NASA Antares rocket on pad

Aerial view of Wallops Island launch site that includes artist concept of Antares rocket on pad.

CREDIT: Orbital Sciences 

The maiden launch of a new private rocket that eventually aims to loft cargo toward the International Space Station is slated for the middle of April.

The Antares rocket, which is being developed by aerospace firm Orbital Sciences Corp., will blast off for the first time April 16-18 from NASA's Wallops Flight Facility in Virginia, NASA officials said.


Antares will launch a simulated payload to a target altitude of 155 miles to 185 miles (250 to 300 kilometers). If all goes well with the test flight, which Orbital is calling A-One, the next step will be a demonstration mission to the space station using Antares and the company's robotic Cygnus capsule, company officials said.

That test run to the orbiting lab should take place later this year, Orbital has said.

Virginia-based Orbital Sciences holds a $1.9 billion NASA contract to make eight unmanned supply runs to the station with Antares and Cygnus. The space agency has also signed a $1.6 billion cargo deal with SpaceX for 12 flights with its Falcon 9 rocket and Dragon capsule.


SpaceX completed the first of these bona fide supply runs last October, and Dragon is docked to the station now on contracted mission number two.
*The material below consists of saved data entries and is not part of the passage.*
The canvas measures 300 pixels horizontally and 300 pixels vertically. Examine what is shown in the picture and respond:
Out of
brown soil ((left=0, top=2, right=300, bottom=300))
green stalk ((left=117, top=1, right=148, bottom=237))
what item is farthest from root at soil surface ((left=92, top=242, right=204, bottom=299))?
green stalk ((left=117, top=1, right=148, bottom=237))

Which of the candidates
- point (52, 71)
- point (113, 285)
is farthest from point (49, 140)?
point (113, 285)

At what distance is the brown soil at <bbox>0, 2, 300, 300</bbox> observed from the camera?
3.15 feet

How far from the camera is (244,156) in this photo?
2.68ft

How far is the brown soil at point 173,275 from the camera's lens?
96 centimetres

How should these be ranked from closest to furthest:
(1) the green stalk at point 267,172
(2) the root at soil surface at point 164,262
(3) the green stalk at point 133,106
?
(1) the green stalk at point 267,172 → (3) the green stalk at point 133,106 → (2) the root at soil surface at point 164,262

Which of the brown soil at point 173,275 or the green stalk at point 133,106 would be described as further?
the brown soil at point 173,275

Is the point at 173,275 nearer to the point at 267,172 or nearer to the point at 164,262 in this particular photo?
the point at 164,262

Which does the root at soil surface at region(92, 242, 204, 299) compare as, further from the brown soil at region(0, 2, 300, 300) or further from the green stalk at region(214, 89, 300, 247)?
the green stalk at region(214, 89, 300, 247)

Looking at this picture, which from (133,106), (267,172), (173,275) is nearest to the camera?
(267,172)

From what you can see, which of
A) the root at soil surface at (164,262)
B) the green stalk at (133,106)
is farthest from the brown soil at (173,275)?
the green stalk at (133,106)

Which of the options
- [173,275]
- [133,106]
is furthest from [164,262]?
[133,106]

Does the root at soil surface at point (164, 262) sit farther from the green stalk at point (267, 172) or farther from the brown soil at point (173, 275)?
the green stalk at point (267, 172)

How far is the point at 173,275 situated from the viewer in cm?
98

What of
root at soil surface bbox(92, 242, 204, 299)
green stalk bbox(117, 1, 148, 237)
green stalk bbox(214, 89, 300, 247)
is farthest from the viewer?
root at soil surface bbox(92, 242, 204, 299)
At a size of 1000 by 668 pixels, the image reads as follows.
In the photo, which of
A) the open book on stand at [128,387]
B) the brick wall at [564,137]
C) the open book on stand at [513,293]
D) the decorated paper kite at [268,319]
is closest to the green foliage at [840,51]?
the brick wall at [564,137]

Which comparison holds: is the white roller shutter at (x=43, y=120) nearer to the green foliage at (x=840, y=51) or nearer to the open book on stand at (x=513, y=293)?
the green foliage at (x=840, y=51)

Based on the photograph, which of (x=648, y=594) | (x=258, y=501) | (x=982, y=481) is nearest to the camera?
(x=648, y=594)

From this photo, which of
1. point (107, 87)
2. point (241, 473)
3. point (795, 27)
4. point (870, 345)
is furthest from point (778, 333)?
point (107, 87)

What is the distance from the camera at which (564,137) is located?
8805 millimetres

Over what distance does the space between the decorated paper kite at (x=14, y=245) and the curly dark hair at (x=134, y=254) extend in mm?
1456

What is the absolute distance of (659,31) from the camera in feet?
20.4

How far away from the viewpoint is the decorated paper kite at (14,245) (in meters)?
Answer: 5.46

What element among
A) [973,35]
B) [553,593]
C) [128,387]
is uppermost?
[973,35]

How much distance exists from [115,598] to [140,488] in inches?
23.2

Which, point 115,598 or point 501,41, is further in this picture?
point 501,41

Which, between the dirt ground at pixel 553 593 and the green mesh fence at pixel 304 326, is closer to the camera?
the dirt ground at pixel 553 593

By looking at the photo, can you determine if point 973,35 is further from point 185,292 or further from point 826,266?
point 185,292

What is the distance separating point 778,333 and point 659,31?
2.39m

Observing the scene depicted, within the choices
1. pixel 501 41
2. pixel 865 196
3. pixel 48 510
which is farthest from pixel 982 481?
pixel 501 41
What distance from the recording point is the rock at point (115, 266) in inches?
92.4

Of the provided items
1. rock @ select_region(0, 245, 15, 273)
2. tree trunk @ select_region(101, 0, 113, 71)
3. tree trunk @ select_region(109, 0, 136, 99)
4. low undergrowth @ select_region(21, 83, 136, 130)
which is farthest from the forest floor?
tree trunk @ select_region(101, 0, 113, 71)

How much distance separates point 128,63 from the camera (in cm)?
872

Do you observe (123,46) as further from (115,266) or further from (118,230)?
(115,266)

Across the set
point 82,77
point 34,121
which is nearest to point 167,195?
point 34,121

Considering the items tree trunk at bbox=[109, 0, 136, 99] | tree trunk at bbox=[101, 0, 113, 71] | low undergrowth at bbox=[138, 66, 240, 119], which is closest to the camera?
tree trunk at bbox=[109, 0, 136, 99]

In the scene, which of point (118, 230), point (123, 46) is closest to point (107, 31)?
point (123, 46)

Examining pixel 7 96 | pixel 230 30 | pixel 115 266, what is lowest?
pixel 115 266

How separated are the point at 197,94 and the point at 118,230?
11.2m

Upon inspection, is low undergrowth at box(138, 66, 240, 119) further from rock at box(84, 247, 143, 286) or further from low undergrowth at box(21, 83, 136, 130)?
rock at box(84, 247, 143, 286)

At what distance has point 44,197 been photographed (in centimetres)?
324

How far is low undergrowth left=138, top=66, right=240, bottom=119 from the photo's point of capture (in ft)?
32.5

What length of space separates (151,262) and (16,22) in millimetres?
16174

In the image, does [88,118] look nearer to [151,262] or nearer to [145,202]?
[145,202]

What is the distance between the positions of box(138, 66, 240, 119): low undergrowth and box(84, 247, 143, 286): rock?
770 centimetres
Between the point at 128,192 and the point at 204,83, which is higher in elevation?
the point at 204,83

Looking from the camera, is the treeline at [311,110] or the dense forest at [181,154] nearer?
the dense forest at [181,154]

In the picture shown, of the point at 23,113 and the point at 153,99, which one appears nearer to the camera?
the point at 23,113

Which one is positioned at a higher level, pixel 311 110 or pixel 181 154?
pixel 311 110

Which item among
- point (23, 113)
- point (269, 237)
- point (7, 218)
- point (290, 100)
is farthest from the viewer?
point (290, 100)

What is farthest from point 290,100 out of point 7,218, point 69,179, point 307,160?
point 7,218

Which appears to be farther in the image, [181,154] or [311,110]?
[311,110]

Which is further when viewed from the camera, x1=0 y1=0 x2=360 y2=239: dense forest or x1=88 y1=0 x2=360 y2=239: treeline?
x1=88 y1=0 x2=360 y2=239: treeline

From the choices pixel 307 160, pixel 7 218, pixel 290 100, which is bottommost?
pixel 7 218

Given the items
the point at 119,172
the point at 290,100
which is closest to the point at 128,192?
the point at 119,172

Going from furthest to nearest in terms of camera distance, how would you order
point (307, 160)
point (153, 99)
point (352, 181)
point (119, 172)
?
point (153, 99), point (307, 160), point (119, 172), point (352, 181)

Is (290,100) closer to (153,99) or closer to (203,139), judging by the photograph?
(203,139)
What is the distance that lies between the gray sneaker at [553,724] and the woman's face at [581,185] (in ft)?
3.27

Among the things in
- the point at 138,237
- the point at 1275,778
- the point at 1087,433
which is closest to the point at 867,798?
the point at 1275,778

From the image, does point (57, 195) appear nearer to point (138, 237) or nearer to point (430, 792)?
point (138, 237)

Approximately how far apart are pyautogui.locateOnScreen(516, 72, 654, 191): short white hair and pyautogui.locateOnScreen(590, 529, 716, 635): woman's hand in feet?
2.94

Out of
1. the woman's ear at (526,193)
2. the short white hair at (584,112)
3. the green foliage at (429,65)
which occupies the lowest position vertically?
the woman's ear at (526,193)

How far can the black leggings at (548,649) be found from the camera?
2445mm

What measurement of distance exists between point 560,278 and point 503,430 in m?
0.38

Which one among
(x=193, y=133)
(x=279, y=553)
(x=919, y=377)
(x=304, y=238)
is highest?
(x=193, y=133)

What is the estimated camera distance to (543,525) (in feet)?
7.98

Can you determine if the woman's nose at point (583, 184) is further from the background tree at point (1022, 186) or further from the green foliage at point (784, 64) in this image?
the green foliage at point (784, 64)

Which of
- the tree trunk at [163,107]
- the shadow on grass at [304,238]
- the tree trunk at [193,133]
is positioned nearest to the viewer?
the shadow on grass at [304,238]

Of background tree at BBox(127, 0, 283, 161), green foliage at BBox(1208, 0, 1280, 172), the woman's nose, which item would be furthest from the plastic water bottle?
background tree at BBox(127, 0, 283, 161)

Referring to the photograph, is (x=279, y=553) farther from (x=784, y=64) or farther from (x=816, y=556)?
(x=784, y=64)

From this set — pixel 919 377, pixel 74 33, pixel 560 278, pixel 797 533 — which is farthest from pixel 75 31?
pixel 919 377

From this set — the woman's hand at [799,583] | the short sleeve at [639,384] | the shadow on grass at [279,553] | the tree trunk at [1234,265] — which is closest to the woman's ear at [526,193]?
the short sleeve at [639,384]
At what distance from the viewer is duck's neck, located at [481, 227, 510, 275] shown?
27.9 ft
The capsule is slated to return to Earth on March 25 with about 2,670 pounds (1,210 kilograms) of scientific experiments and other gear.


The deals with Orbital and California-based SpaceX are part of NASA's effort to encourage American private spaceflight firms to fill the void left by the retirement of the agency's space shuttle fleet in 2011.


(Note: The following Antares test fire was also recorded on Forty 1 Beyond event DDR Recorders)

While commercial cargo deliveries are already underway, NASA also wants private spaceships to start carrying its astronauts to and from the orbiting lab by 2017. Until that happens, the agency will be dependent on Russian Soyuz spacecraft to provide this taxi service, at about $60 million per seat.


Cygnus is a cargo-only vehicle, but SpaceX is working on a manned version of Dragon. Other major contenders for a NASA crew contract are Boeing and Sierra Nevada Corp., which are developing a capsule called the CST-100 and a space plane called Dream Chaser, respectively.